Short web captions:
------------------------------
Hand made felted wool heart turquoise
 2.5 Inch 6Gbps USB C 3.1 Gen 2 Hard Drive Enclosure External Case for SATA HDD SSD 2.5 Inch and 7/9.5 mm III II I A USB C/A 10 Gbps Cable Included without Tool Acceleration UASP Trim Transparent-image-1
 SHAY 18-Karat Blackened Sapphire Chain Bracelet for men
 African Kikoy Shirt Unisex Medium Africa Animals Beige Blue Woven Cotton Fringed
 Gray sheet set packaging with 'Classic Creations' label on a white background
------------------------------
PROBLEM STATEMENT:
What is needed is a word-for-word copy of the records above, from the first line through the line that contains "2.5 Inch 6Gbps".

ANSWER TO THE EXERCISE:
Hand made felted wool heart turquoise
 2.5 Inch 6Gbps USB C 3.1 Gen 2 Hard Drive Enclosure External Case for SATA HDD SSD 2.5 Inch and 7/9.5 mm III II I A USB C/A 10 Gbps Cable Included without Tool Acceleration UASP Trim Transparent-image-1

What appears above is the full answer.